Thonig and Lilliestam make the case that solar RFPs should incentivize higher temperature CST and CSP technologies, because this will also help jumpstart very high temperature CST applications like solar fuels.
Auctions should remunerate high temperature CST
“So if you want to enable spillovers for high temperature CST applications, your RFPs for new CSP plants need to include some provision of the heat into their call,” said Thonig. “The heat is the critical point, and it needs to be the receiver outlet temperature. Because this is the crucial solar part. It’s not only about the temperature that reaches the turbine.”
This receiver temperature is important because in CST, the heat is tapped directly from the solar field to catalyze chemical reactions or to rearrange molecules to make new materials.
Unlike CSP that produces electricity thermally at temperatures from 400°C to 600°C, there is no power block of turbines and generators involved in thermochemistry (when it is not run as a combined heat & power plant).
Instead, for high-temperature CST, the solar field must achieve greater accuracy, as the receiver, and potentially the thermal storage must operate at higher temperatures; from 700°C up to 1500°C.
Although this high temperature CST technology is in its infancy, with just the first few projects in the pilot stage, from startups like Synhelion and Helioheat and Heliogen; in the future, solar thermochemistry has the potential to provide all our global needs for green hydrogen and solar aviation fuel. But how do we scale it up in a short time?

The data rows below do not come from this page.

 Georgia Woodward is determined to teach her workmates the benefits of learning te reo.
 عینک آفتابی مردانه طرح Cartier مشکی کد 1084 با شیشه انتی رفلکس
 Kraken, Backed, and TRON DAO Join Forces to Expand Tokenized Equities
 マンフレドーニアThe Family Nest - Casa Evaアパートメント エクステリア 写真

“So the question is, how can we give these novel high temperature towers some kind of innovation premium, because the technology is not as mature as other CSP technologies or fossil alternatives. To make it happen we need to move the perception of policymakers in most places, that mostly care about which is the currently cheapest pathway for them to get, for example, green hydrogen right now,” he commented, adding that mandates and renewable quotas or carbon taxes won’t help innovation in still expensive technologies.
A coalition of the willing
Thonig considers that China and Spain are well placed to jumpstart a new high temperature CST industry, having already invested in creating a durable supply chain by protecting their CSP pioneers.
But many sunny regions globally would benefit from this future technology that requires good DNI. These include Chile, Australia, the US Southwest, the Middle East and North Africa. In particular Texas, West Australia and Saudi Arabia, with their access to existing seaport infrastructure for shipping fuels would have a jump start on any new solar fuels industry.
He believes there’s the best chance of success if a coalition of countries works together to advance high temperature CST from pre-commercial pilots to large scale applications. “We need a new “coalition of the willing” he said.
With a new SolarPACES Chair who’s pioneered high temperature solar thermochemistry research and a new Vice-Chair who’s reported Australia’s CST technology status to the IPCC, perhaps the time is right for such an international coalition to be brought together to focus on early-stage deployment of high temperature CST technologies at the 2022 SolarPACES Conference to be held in the US Southwest.